The FT–ICSA Boardroom Bellwether is a twice-yearly survey of FTSE 350 companies that seeks to gauge the sentiment inside UK boardrooms. It canvasses the views of their company secretaries to find out how boards are responding to the challenges of the economy, market conditions and the wider business and governance environment.
Questions cover a range of business concerns, topical issues and specific governance concerns to provide unique insight into what British boards are thinking. Some questions change from survey to survey, but the core remains the same to reveal trends and shifts in opinion.
Use the tabs below to explore the key findings of the Winter 2018 FT–ICSA Boardroom Bellwether Survey, which took place in December 2018 and was published on 21 January 2019.
Responses to this latest survey show that confidence in the global economy and respondents’ own sector has taken a sharp turn for the worse. Just 11% of respondents believe that global economic conditions will improve, down from 25% six months ago, and only 15% predict improvement in their sector, down from 28%.
This pessimism pales into insignificance, however, compared with lack of confidence in the UK economy. Just 2% of respondents predict an improvement and 81% a decline. This negativity is doubtless linked to the uncertainty surrounding the UK’s exit from the EU as evidenced by the 73% of respondents who predict that Brexit will result in damage for their company.
Progress towards achieving boards that are more representative of their customers and markets remains slow despite continuing pressure to improve gender balance and broaden ethnic and cultural diversity.
While gender diversity is showing signs of improvement (72% of respondents rate their board as diverse in terms of gender, the highest figure since we started tracking it in 2012), ethnic diversity remains an area of concern with only 32% of respondents considering their board to be diverse and 48% believing that it is not.
On a more positive note, for the first time, we have seen more than half of our respondents believing that their executive pipeline is sufficient. Companies that are effective at managing their pipeline are more likely to be able to develop a wide and diverse pool of ‘board-ready’ executives, so it is encouraging that we are seeing more confidence in this area.
Cyber risk remains the top risk concern, with 80% of respondents reporting that they see cyber risk as increasing and 91% of respondents revealing that their board is increasing spending on mitigation of cyber risk. Technological disruption has moved higher up the agenda with more attention now being paid to Artificial Intelligence with 56% of boards now having discussed the risks and opportunities (up from just 36% in winter 2017).
Other areas that boards are focusing their attention on include sexual harassment guidelines and the ability to employ skilled staff. More work remains to be done on preventing sexual harassment in the workplace. 55% of respondents indicated that their boards felt that current policies and guidelines on sexual harassment in the workplace were fit for purpose, but some 26% of respondents gave the ‘average’ response and 19% did not know.
In terms of a skills shortage, 43% of respondents feel that their company’s ability to employ appropriately skilled staff has not changed over the last two years, although 31% feel that it has worsened.

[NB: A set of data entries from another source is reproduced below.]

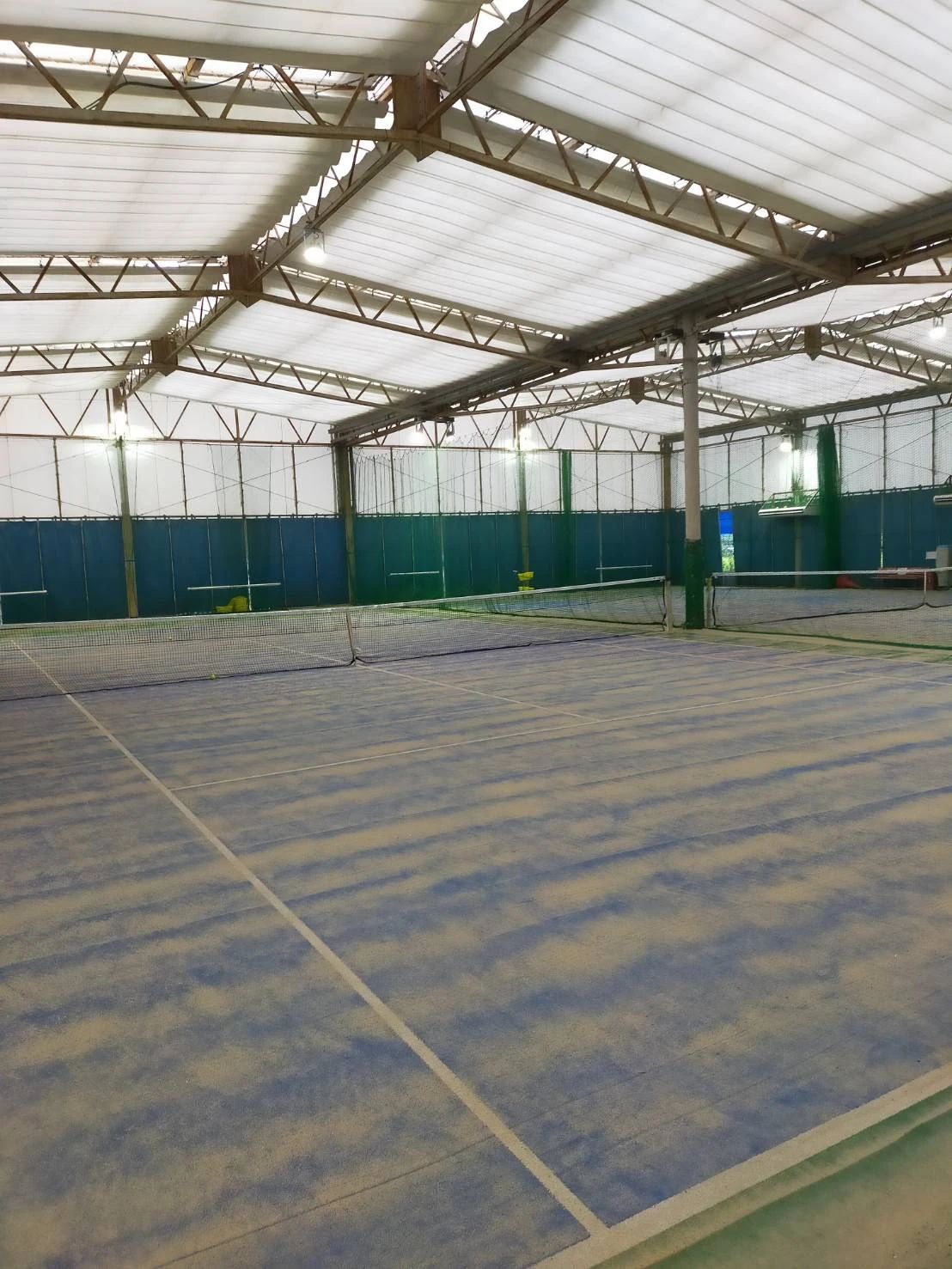 INTERNATIONAL SPORTS(インターナショナルスポーツ) テニス 学園前のサムネイル画像 3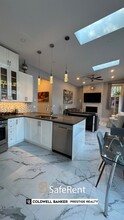 1171 Handsworth Rd in North Vancouver, BC - Building Photo - Building Photo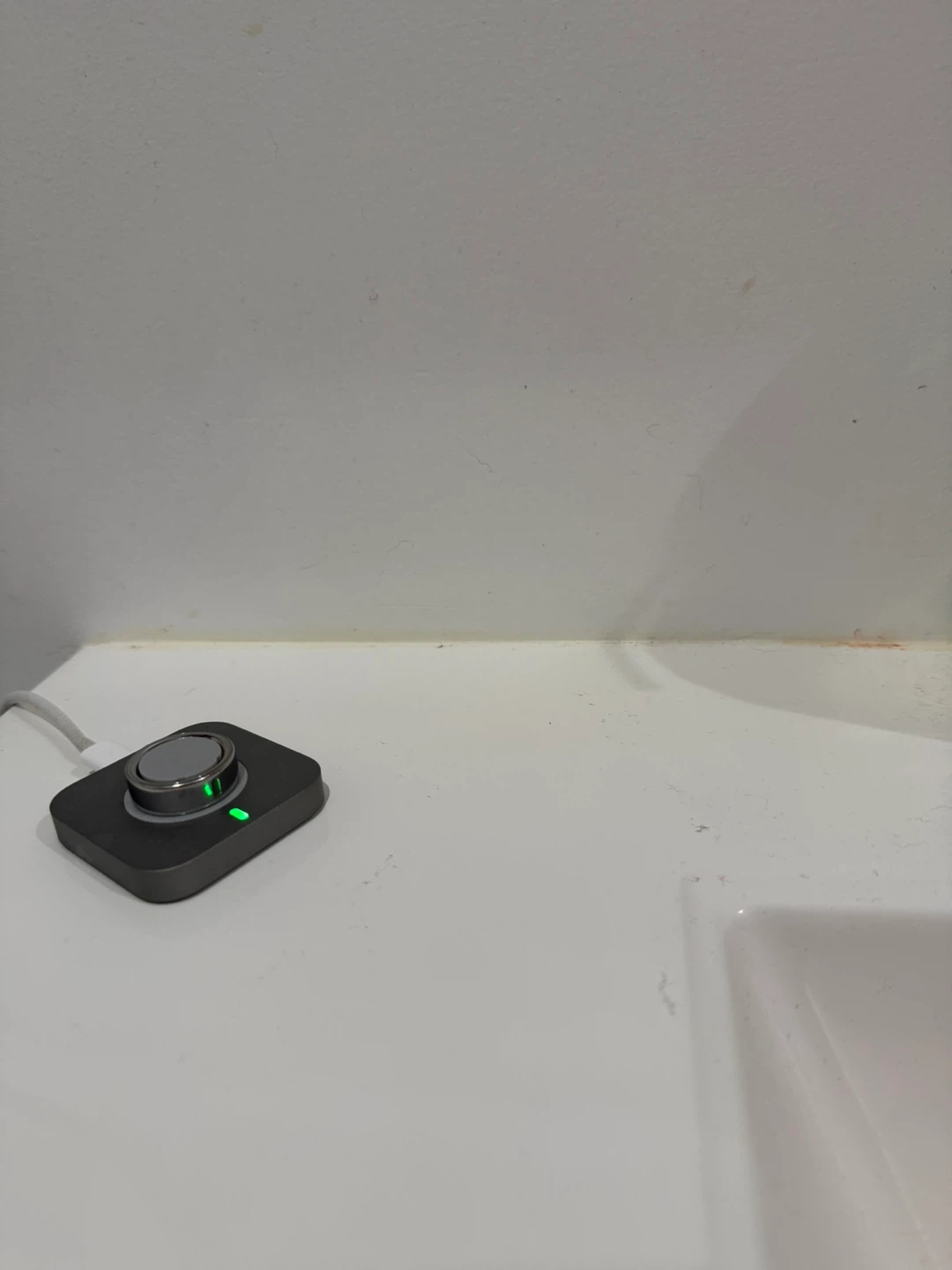 Oura Ring 4 - Size 9 w/ Box - photo 4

Reassuringly, virtually all of the companies who indicated that it was an issue are taking actions to address it.
The majority of companies were ready for the General Data Protection Regulation (GDPR) requirements that came into effect in May 2018 – just 7% reported that they were not.
In terms of getting the workforce voice into the boardroom, only 2% of respondents indicated that the issue had not yet been considered. The most common response from companies (26%) favoured the designated non-executive director option, ahead of 9% preferring a works council or similar. 39% preferred a combination of options. 48% of respondents believe that action will improve the way in which their board is aware of the views of their workforce.
Reporting on the gender pay gap has thus far failed to result in changes to many companies’ pay policies or strategies; 67% of companies said that it hadn’t and only 24% said that it had. Although 65% of respondents indicated that their company would be taking action to reduce the gender pay gap, only 34% have published an action plan.
Engagement between companies and investors on remuneration issues appears highly effective with 65% of our respondents’ remuneration committees making changes to a remuneration policy following feedback from investors and 4% not having done so because no changes were requested. Remuneration committees are also sensitive to pay structures and incentives across the workforce with 89% of respondents saying that their remuneration committee took note of these elements when discussing executive remuneration.